Langdon Courier Democrat, 1/2/1919

Forman—Struck by an automobile which he was trying to dodge in apparent confusion, W. H. Whitlinger, 74, sustained a fractured skull which caused his death.

Cavalier County Farmers Press, 12/2/1920

Mrs. James A. Montgomery, of Bismarck, poured kerosene into a boiler full of clothes, and the stuff took fire. The flames reached the ceiling of the kitchen, but Mrs. Montgomery bravely carried the boiler outside where it could do no harm. She was severely burned, but she saved the house.

Ward County Independent, 1/20/1904

Mrs. Arthur J. Coffre of Esmond, N. D., formerly Miss Thronie Welch of Kenmare, N. D., who is known as the most fearless horsewoman in that vicinity, while riding an outlaw broncho was thrown and severely injured. The horse had thrown all the men who had attempted to ride him, but Mrs. Coffre was determined to live up to her reputation as a broncho buster and conquer the beast. She was helped to mount but the moment she was on the beast's back he started to rear and buck in a savage manner. Blood started to flow from Mrs. Coffre's mouth, but she clung on desperately for ten minutes and suddenly without warning the horse reared over backwards, breaking her neck and throwing the plucky woman to the ground, where she lay unconscious.

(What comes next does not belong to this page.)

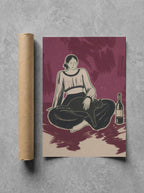Black Cat, Wine rolled in a Drunk Dame shipping tube, ready to ship.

It was first thought Mrs. Coffre was dead, but later it was learned that she was only severely injured and has a chance to recover. Riding in a side saddle was all that saved her life.

Bowbells Tribune, 10/3/1913

Bowlder Crushes Farm Hand.

Bemis.—While William Vogt and another farm hand on the Louis Gerberding farm, a mile west of here, were removing rocks, Vogt was instantly killed by a huge bowlder which fell on him. The two men had found the huge rock too large to be hauled off the field, so had dug a large hole, in which they intended to bury it. When they tried to roll the rock into the hole they were unable to move it. Vogt thereupon jumped into the hole to see what was holding the bowlder, when suddenly the earth crumbled under the stone and it rolled into the hole on top of the young man, crushing him to death almost instantly. Vogt was 27 years of age and was engaged to be married to a daughter of Mr. and Mrs. Gerberding in the spring.

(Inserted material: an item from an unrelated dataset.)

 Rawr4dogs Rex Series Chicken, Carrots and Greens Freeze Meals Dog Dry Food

Sioux County Pioneer, 1/7/1916


She Was Acquitted in District Court at Rugby by Jury Wednesday

Rugby, N. D., Feb. 3.—The jury in the case of Selma Franzen, charged with the killing of the illegitimate child of her brother, brought in a verdict Wednesday of not guilty. The state claimed that Miss Franzen stuffed cotton in the childs {sp} throat and that by such means the child was suffocated. The defense claimed that the death of the child was purely accidental. The evidence showed that the child was left in the care of Miss Franzen by the mother and that on Sunday evening the defendant fed the child and put it to bed. The child was found dead the next morning. No cause for death was visible and after a post mortem examination it was found that the child died from suffocation caused by a piece of cotton in the throat. The love of the defendant for the child showed that she was incapable of causing the death. State's Attorney Shuman and Assistant Attorney General Zuger prosecuted and L. N. Torson and E. R. Sinkler defended.